Saturday, July 30, 2011

Turning the World Upside Down (1 Thessalonians 1)




For the next five week’s we’ll be walking through a little New Testament book called 1 Thessalonians.  It’s pretty small - just five chapters and only about two pages in my Bible, but it was actually written to a really important city.

Thessalonica (now Thessaloniki) is still the second largest city in Greece, but it is some 2,300 years old.  Around the New Testament times, it was the capital of Macedonia - the northern half of Greece.  And it was rich, very rich.  It had an excellent port, comfortably nestled into the northernmost port of a gulf.  It was also centrally located on the major Roman highway running east and west through the empire.  All of this led to lots of importing and exporting.  They worked hard, and they had lots of cash.

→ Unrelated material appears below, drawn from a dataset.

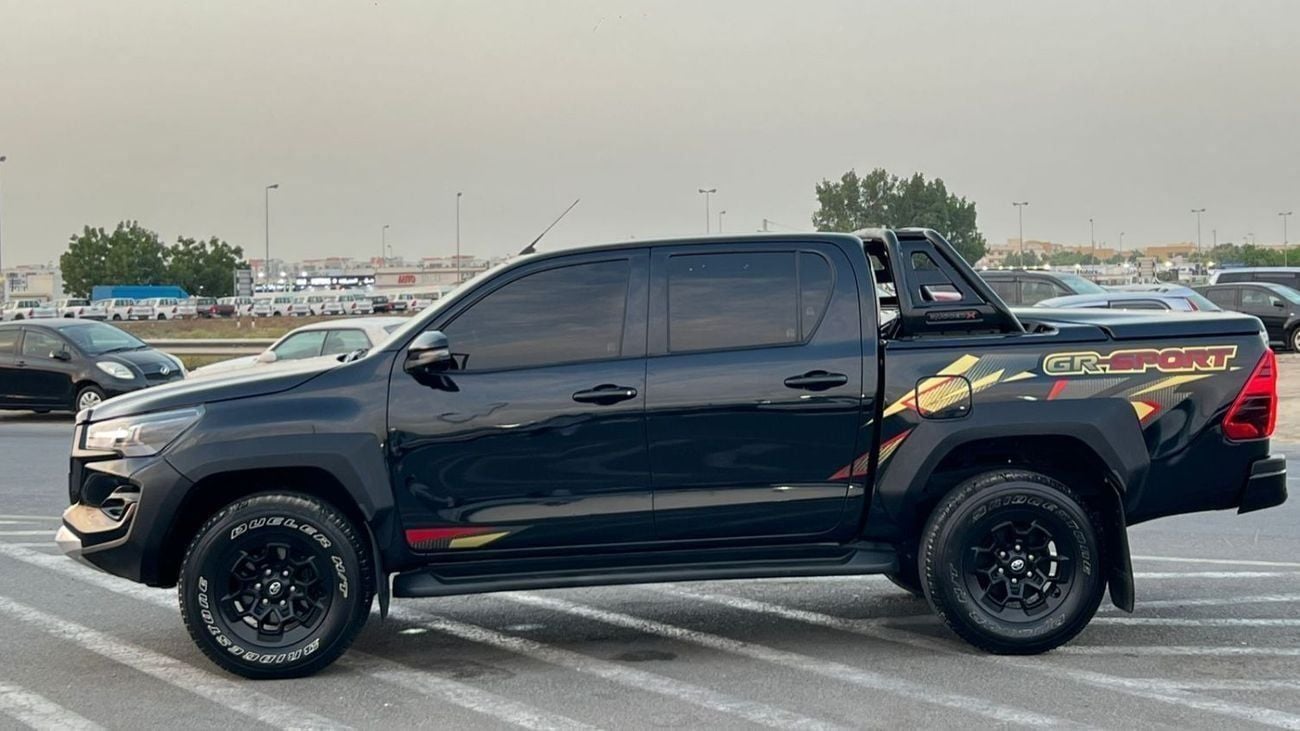 Toyota Hilux 2021 Modified GR Sport Black Edition - Trunk Cover -  2.7L V4 - AWD 4x4-360* CAM - Push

Thessalonians were also very religious.  Like most ancient Greeks and Romans, they worshiped a wide variety of gods.
  • Of course, there were the traditional gods of Greek mythology, but the most prominent in Thessalonica were Dionysius and Artemis.  
    • Dionysius was the god of wine and ecstasy.  His followers were famous for wild drunken party-parades which “freed” everyone from all their social inhibitions.
    • Artemis was worshiped both as goddess of wild animals and goddess of fertility.  
  • Thessalonians also adopted two Egyptian gods: Isis and Osiris.
    • Isis was the goddess of motherhood, fertility, and magic.  Her statues often showed her nursing a son.  Also known as the Queen of Heaven, she offered salvation and eternal life to all in exchange for humility, confession, and repentance.
    • Osiris was Isis’s brother and husband, and he was supposed to be the god of the afterlife and underworld.  Osiris was believed to die every year and be raised from the dead by Isis’s tears.